Leckie advised him to “Write like you were telling stories between songs” suggesting that a series of anecdotes about his life in the music industry would be the best way to approach it. Harrison, a musician in his own right with 8 full-length albums, must have known exactly what Leckie meant. The book is full of short chapters with headings like; Joe Fried, Kenny Sprackman, and the Hotel Isabella; A Flustered Duck and a Hot Performance; and A Change in the Weather. That last heading is of special note to any long-time Summerfolkie who insists the weather Gods have cursed their festival.
But Harrison dispels a popular belief early on in his book: “Contrary to popular myth, the first year of Summerfolk, 1976, was completely precipitation free” but then later on recounts: “Summerfolk was held on the third weekend of August, a time when we had expectations of fairly reasonable weather. This year, however, on Thursday night a cold front rolled in. With it came three solid days of rain.” This is from his chapter on the summer of 1977, which must have been where the myth…and the weather began.
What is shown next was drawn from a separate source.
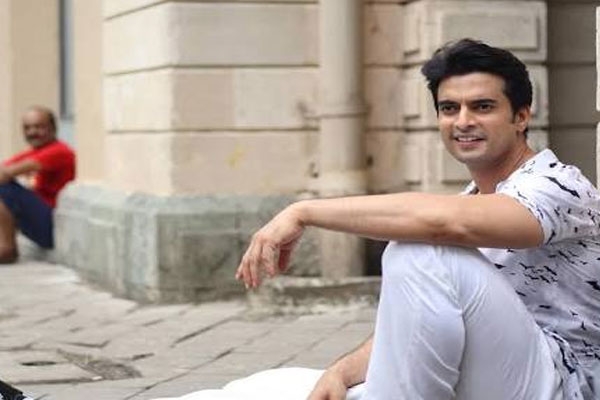 gashmeer mahajani says he does not demand fees for marathi films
Overall, the structure of Acoustic Espionage is loose and wild, like his life in the music biz. Anecdotes move quickly along, and as one festival ends, another begins. It’s hard to keep track of his constant projects – I can’t image how he ever did! This memoir is not bogged down with slow, reflective passages about the people and places he was encountering, but swiftly manoeuvres the fast-paced life of this seminal artistic director. We’re introduced to countless musicians as they weave in and out of Harrison’s life – like Tom Waits, for example, sitting down with Harrison after a disastrous performance at the El Mocambo opening for the Good Brothers. Or John Prine getting upset with the door-person at a club in Toronto for not letting him into his own after-party. There are countless more depictions of artists such as Bruce Cockburn, Odetta, Rick Danko, John Hammond Jr, and Mimi Farina, who all make their way onto the page in Harrison’s memoir, as do writers like Margaret Atwood.
I took particular interest in the passage on Ken Whitely’s Shier Coffee House series where Harrison was to open for Mose Scarlet. It was notable for me because Ken named Shier’s after my old man, who took on the nickname at the Midian Farm he and Whitely both lived on in the 70s.
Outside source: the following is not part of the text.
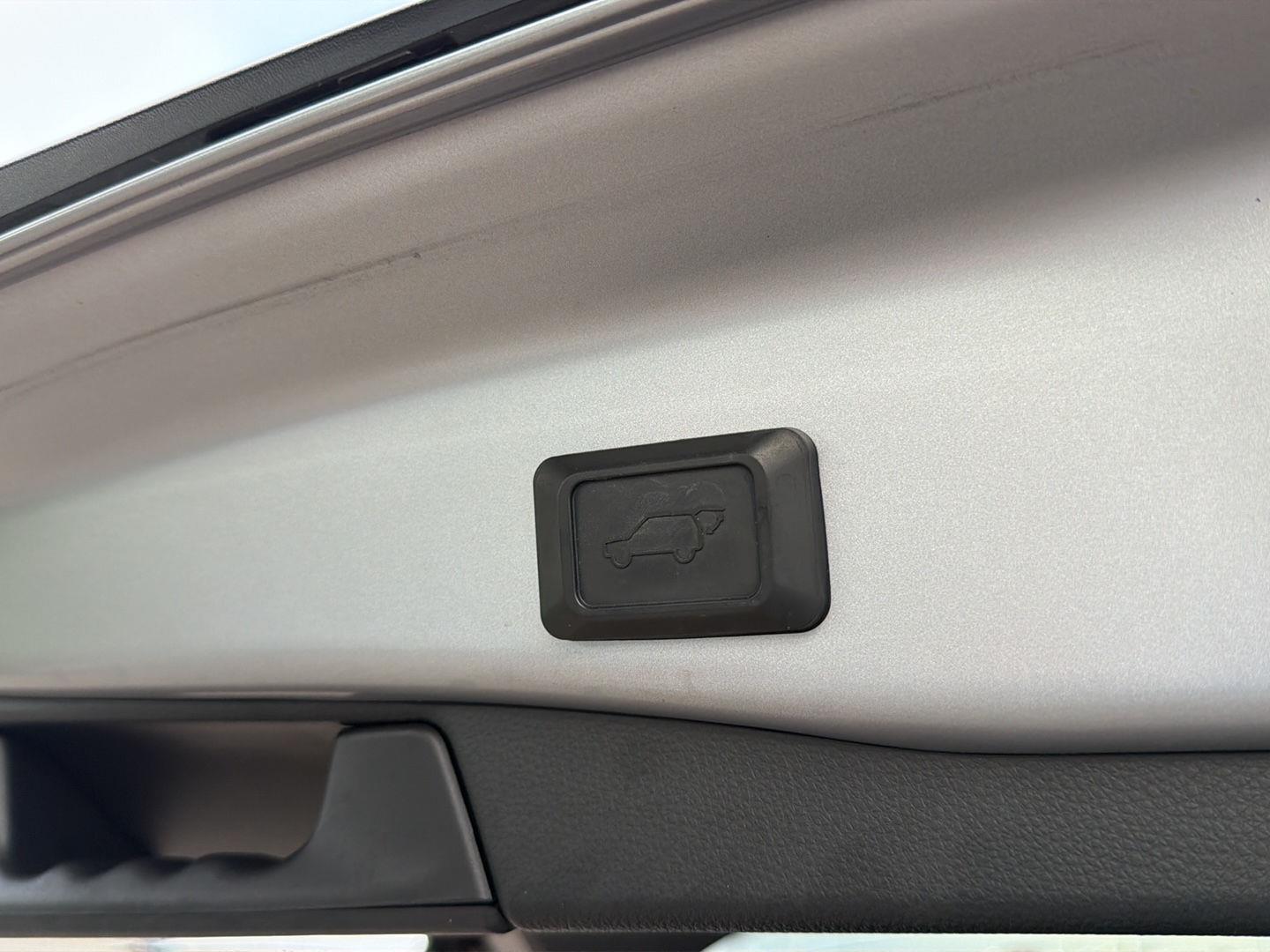 Used 2019 Toyota RAV4 SUV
But most of the stories are set in and around Owen Sound where Harrison details the ups and downs of running Summerfolk over its 45 years. In one chapter, he recounts the death Stan Roger’s and how the folk world wept. “Every Festival that year was closed with ‘The Mary Ellen Carter’ and I had the privilege of singing it at Winnipeg, Edmonton, and Owen Sound,” he writes. The tradition has still lived on in Owen Sound until this day. But if you’ve made it this far into this review, you likely knew that already.
The title of the book gets its name from a concert series he started in the 80s that would later become a weekly radio show that he delivered for two years at CKLN. The subtitle is pretty self-explanatory – Folk Clubs and Festivals – but for the Maps of Paris reference, you’ll have to read it for yourself.
So if you’re a Summer-folkie, and want to know the history behind the long running Scenic City institution that happens at Kelso Beach every summer (except this past one), you’re going to get a kick out of this read. Or if you’re just a music fan and want to read a bunch of cool stories about what it’s like to run a music festival, grab yourself a copy of Tim Harrison’s Acoustic Espionage. You’ll find it at the Ginger Press in Owen Sound or at Tim Harrison’s website.